I cinquant’anni del Verdicchio dei Castelli di Jesi e dell’azienda Montecappone

Cinquant’anni da celebrare con orgoglio e soddisfazione per una Doc, quella del Verdicchio dei Castelli di Jesi, che ha fatto la storia del vino italiano. E per la famiglia Mirizzi, che con l’azienda Montecappone è stata in questi decenni tra i protagonisti della vicenda e dei successi del più importante bianco marchigiano.

Per festeggiare la doppia ricorrenza “sessantottina” i Mirizzi, che gestiscono da sempre anche la storica enoteca romana Bomprezzi, hanno voluto organizzare nella Capitale una serata dal titolo “50 sfumature di Verdicchio” presso il nuovo ristorante Acciuga, abbinando le ultime annate dei loro verdicchio ai piatti dello chef Federico Delmonte, anche lui marchigiano di Fano.

Bella serata, che ha confermato tra l’altro le caratteristiche uniche di un vitigno che può essere declinato come spumante, come vino fermo e come passito, e “reggere” così una cena dalla prima all’ultima portata.

Si comincia con una novità assoluta: un Metodo Classico dell’azienda “gemella” Mirizzi, di recente acquisizione, gestita in prima persona da Gianluca Mirizzi con l’intento di proporre uno stile diverso, alternativo rispetto a quello della casa madre.

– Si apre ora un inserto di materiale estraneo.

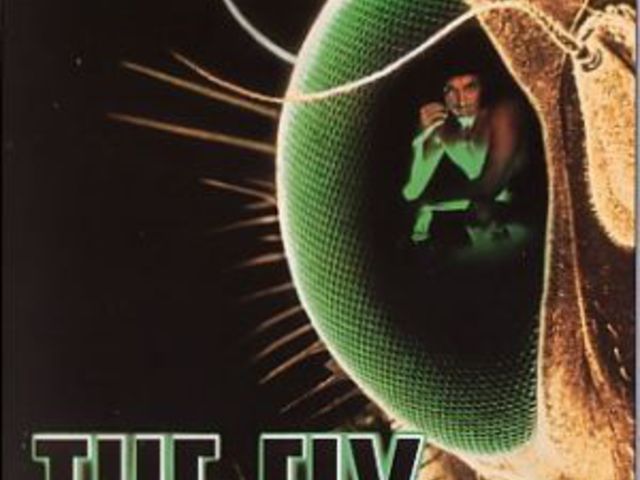 A légy (The Fly, 1986)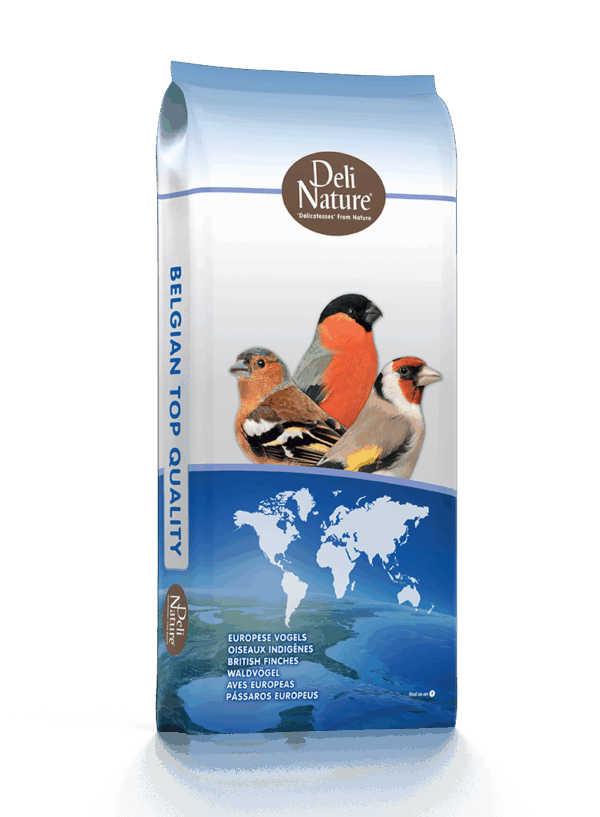 Deli Nature - Distelvinken (Nr. 97)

Il Mirizzi Millesimè Extrabrut 2015, 24 mesi sui lieviti, fa subito centro, con una bollicina molto elegante e un carattere da verdicchio ben riconoscibile. Il dosaggio è calibratissimo e il bicchiere si dimostra perfetto come aperitivo e in accompagnamento ai gustosi antipasti preparati da Delmonte: l’acciuga marinata con focaccia al vapore, il raviolo fritto, e soprattutto la raffinata capasanta con cocco, cipolla e lime.

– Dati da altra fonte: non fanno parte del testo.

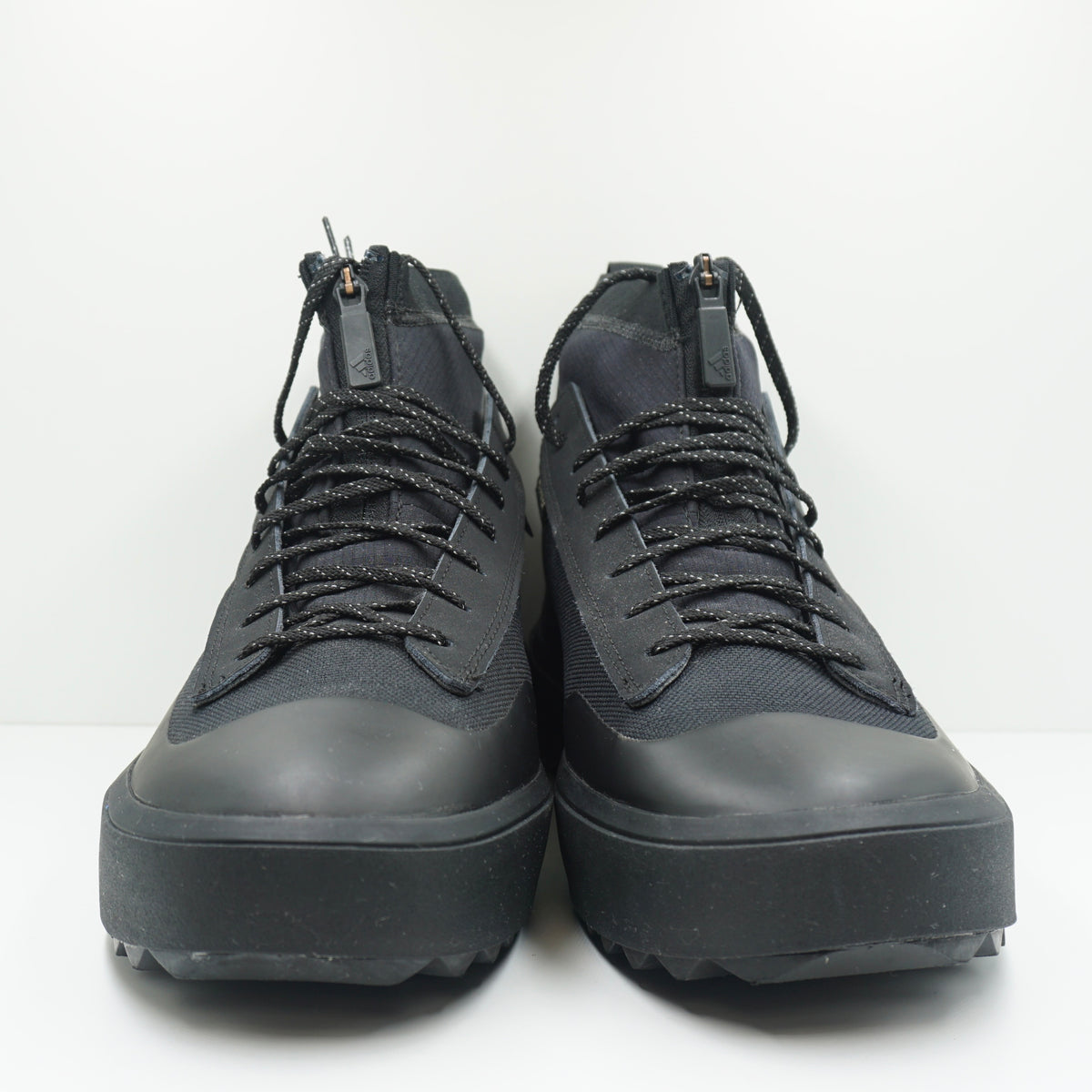 Adidas ZNSORED High Gore-Tex Triple Black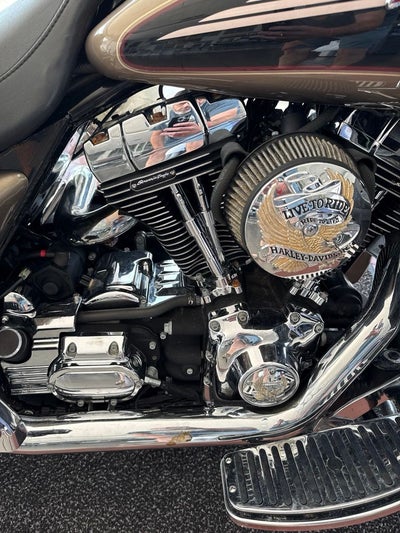 2005 Harley-Davidson Ultra Classic Electra Glide Electra Glide Ultra Classic Ultra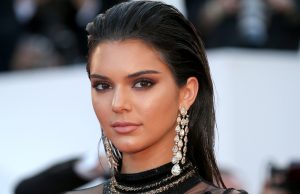 Kendall Jenner Net Worth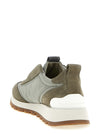 Brunello Cucinelli Runners Sneakers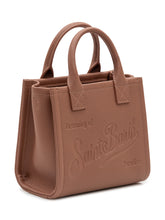 Vanity Bag Mini with Text Motif - Fall / Winter 26 Woman | $store$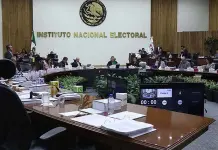 Comité de Evaluación del Poder Judicial frena proceso de elección Comité de Evaluación del Poder Judicial frena proceso de elección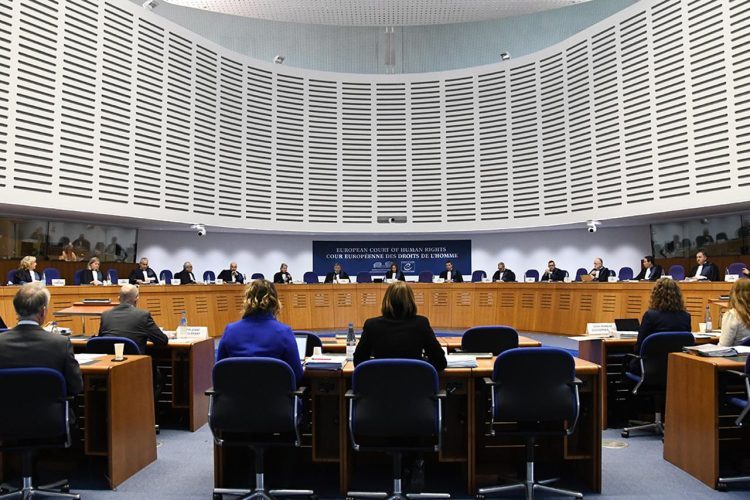 Bira se novi sudac – odlazi bošnjački lobist iz Europskog suda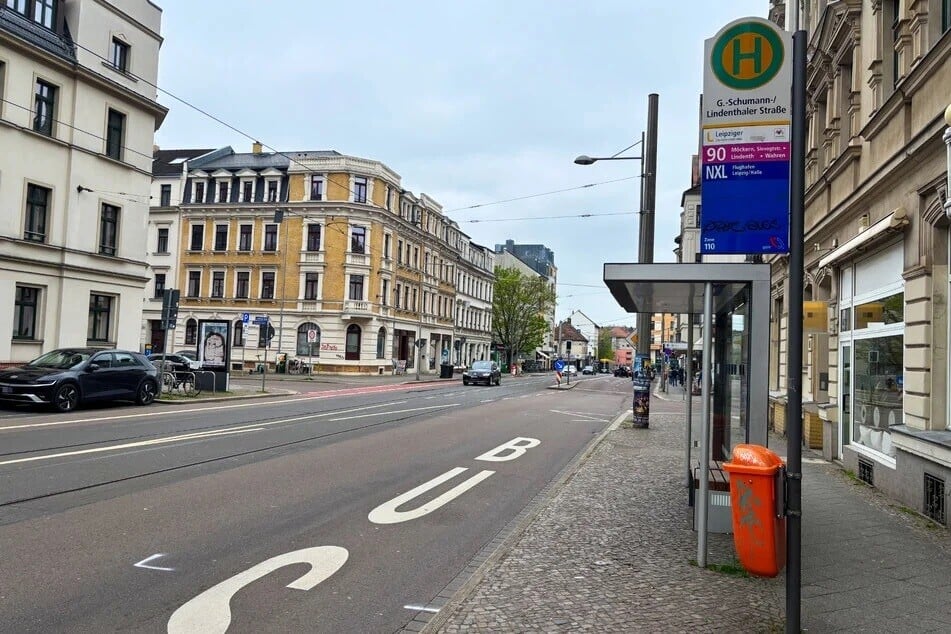 Die Bauarbeiten finden bis Mitte September in drei Phasen statt. (Symbolfoto)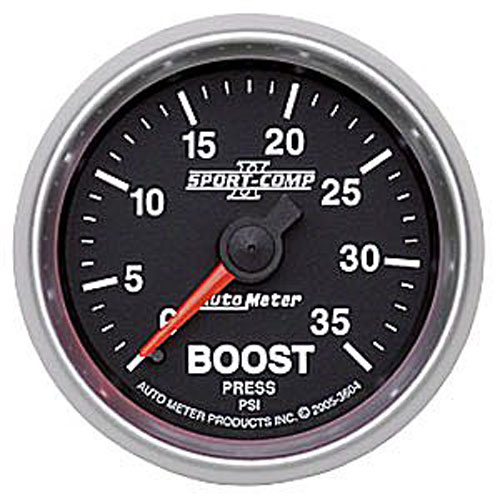www.nexpart.de - 52MM-DRUCKANZEIGE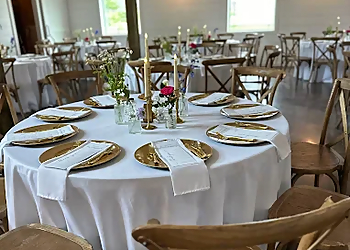 Abilene Event Management Companies Seamless Day Events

Il cuore della produzione di Montecappone (175 mila bottiglie annue divise in 15 etichette), supervisionata dall’enologo Lorenzo Landi, è senz’altro il Verdicchio dei Castelli di Jesi Classico Superiore Federico II A.D. 1194, che nell’edizione 2016 presenta evidenti profumi di grano, erbe aromatiche, agrumi; al sorso coniuga una struttura non indifferente con un una notevole bevibilità; il finale è saporito, con un’eco di mandorla dolce. A tavola è andato d’amore e d’accordo con i fusilli alle cozze, ma la sua versatilità lascia immaginare abbinamenti anche con i piatti di carattere della tradizione romanesca: carbonara, cacio e pepe.

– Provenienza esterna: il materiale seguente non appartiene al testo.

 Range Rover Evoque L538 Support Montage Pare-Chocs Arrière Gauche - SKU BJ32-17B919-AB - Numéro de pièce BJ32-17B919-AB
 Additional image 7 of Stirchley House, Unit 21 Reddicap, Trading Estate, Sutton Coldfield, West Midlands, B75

Il secondo primo, riso cacio e pepe con bergamotto marinato, di concezione piuttosto estrema e dominato dall’agrume, ha invece messo a dura prova il Castelli di Jesi Verdicchio Riserva Utopia 2015, affinato in cemento. Dal canto suo il vino sprigiona al naso interessanti note di pesca matura, uva spina, salvia; in bocca è senz’altro più glicerico del precedente, si espande più in larghezza che in lunghezza, il tutto compensato però da sale e succosità; in persistenza lascia intravedere ancora qualcosa di inespresso, che probabilmente verrà fuori con il tempo. Ecco perché la mossa di Gianluca Mirizzi, che ha portato qualche magnum dell’Utopia 2008, ci sembra più che azzeccata. Già l’olfatto è molto più complesso, con fieno, distillato, anice, toni floreali e balsamici, anche una sfumatura affumicata; la buona evoluzione si conferma all’assaggio, con una materia integra, magari non di lunghissima persistenza ma caratterizzata da un’estrema freschezza davvero gradevole in un vino di dieci anni.

 

 

 

 

 

Il vero azzardo arriva con il secondo, l’ottimo cuore di costata con melanzane, dove la precisione nella cottura della carne è clamorosa. Entra in scena infatti l’outsider, prodotto dalla Mirizzi (che per ora si limita a cinquemila bottiglie in totale, Extrabrut compreso): il Verdicchio dei Castelli di Jesi Classico Superiore Ergo 2016, che come accennato vuole rappresentare uno stile diverso di Verdicchio, legato alla corrente “alsaziana” che a Jesi e dintorni ha fatto proseliti negli ultimi lustri, e che ha dato vini di grande volume (anche alcolico) e complessità, un po’ larghi e burrosi ma spesso molto piacevoli e intriganti anche per le svariate possibilità di abbinamento. Con questo piatto, ma il parere è personale, non si scappa dall’accoppiata con un rosso (di media struttura). Ad ogni modo l’Ergo, che affina in parte in anfora, si fa apprezzare al naso con note di frutta matura e pasticceria; il sorso è voluttuoso, ampio e dolce ma ben contrastato; la chiusura è lunga e non banale, contrassegnata da pesca e zafferano. Forse al suo meglio con qualche pietanza speziata della cucina orientale.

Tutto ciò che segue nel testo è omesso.